J’en suis arrivé à la certitude qu’il y a des notions communes à toutes les cultures, et que toutes se réfèrent à la position de notre corps dans l’espace (…) Nous sommes des animaux à station verticale, si qu’il nous est pénible de rester longtemps la tête en bas, et nous avons donc une notion commune du haut et du bas, et nous tendons à privilégier le premier sur le second. De la même façon, nous avons la notion d’une droite et d’une gauche, de l’immobilité et de la marche, de la veille et du sommeil, du fait d’être debout ou couché, de ramper ou de sauter. Nous avons des membres, et nous savons donc tout ce que signifie heurter une matière résistante, pénétrer une substance molle ou liquide, écraser, tambouriner, piétiner, donner des coups de pied, ou danser. Je pourrais continuer cette liste, et inclure la vue, l’ouïe, manger ou boire, avaler ou vomir.

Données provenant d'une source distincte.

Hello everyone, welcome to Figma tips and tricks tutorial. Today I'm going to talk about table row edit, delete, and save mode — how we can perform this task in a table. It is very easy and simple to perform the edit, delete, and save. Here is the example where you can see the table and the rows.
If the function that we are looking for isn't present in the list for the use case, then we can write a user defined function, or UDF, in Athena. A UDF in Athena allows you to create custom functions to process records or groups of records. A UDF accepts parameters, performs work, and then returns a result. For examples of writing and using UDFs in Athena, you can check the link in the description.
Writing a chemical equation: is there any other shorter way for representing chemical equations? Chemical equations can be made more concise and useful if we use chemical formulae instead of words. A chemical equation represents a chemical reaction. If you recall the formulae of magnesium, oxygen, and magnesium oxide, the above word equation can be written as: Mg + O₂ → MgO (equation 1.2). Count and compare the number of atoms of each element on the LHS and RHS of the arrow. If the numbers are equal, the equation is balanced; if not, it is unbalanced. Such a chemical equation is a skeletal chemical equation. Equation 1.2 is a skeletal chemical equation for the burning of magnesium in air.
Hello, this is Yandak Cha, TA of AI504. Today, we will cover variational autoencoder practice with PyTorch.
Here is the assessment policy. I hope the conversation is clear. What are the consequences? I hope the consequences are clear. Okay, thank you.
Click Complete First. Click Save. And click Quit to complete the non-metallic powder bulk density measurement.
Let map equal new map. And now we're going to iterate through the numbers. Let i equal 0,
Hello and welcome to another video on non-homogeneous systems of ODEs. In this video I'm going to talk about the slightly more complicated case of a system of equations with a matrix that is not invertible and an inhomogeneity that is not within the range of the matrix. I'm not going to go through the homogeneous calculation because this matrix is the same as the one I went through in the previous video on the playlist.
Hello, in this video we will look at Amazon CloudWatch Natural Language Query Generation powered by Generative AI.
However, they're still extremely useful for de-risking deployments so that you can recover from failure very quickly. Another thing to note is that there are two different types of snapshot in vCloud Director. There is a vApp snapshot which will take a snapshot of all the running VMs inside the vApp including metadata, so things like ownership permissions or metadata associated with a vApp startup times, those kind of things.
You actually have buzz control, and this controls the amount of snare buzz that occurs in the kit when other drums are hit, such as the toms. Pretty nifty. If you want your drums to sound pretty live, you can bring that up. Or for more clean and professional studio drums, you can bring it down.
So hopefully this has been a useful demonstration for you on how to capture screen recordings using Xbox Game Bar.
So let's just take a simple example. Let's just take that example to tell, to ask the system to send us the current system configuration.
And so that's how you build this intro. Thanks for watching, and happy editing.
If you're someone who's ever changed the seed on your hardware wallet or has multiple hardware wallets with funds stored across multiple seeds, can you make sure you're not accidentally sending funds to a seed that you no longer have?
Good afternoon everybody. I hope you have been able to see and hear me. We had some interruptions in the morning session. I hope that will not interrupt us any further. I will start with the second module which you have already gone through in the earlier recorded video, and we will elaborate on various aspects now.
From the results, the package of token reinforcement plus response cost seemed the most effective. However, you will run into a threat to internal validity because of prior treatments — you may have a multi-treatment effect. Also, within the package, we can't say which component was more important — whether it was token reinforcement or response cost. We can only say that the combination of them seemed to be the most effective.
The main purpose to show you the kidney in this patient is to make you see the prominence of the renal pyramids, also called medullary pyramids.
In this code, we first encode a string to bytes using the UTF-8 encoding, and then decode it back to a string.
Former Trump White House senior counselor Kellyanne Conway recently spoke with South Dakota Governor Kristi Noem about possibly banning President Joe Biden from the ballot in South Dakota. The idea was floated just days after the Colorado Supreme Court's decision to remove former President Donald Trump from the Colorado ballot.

Et bien sûr, chaque homme a une notion de ce que signifie percevoir, se souvenir, éprouver du désir, de la peur, de la tristesse ou du soulagement, du plaisir ou de la douleur, et émettre des sons exprimant ces sentiments. Par conséquent (et l’on entre déjà dans la sphère du droit), nous avons des conceptions universelles sur la contrainte : on ne désire pas que quelqu’un nous empêche de parler, de voir, d’écouter, de dormir, d’avaler ou de vomir, d’aller où nous voulons; nous souffrons que quelqu’un nous attache ou nous contraigne à la ségrégation, nous frappe, nous blesse ou nous tue, nous soumette à des tortures physiques ou psychiques qui diminuent ou annulent notre capacité de penser.

(…) Notez que, jusqu’ici, j’ai mis en scène uniquement une sorte d’Adam bestial et solitaire, qui ignore encore ce qu’est le rapport sexuel, le plaisir du dialogue, l’amour pour les enfants, la douleur de la perte d’un être cher; mais déjà, dans cette phase, du moins pour nous (sinon pour lui ou elle), cette sémantique est devenue le fondement pour une éthique : nous devons avant tout respecter les droits de la corporéité d’autrui,, parmi lesquels le droit de parler et de penser.

(…) Mais, me demandez-vous, cette conscience de l’importance de l’autre suffit-elle à m’offrir une base absolue, un fondement immuable pour un comportement éthique ? Je pourrais vous rétorquer que même ce que vous appelez les fondements absolus n’empêchent pas les croyants de pécher, tout en ayant conscience de pécher, et le débat serait clos; la tentation du mal habite aussi chez ceux qui ont une notion fondée et révélée du bien. "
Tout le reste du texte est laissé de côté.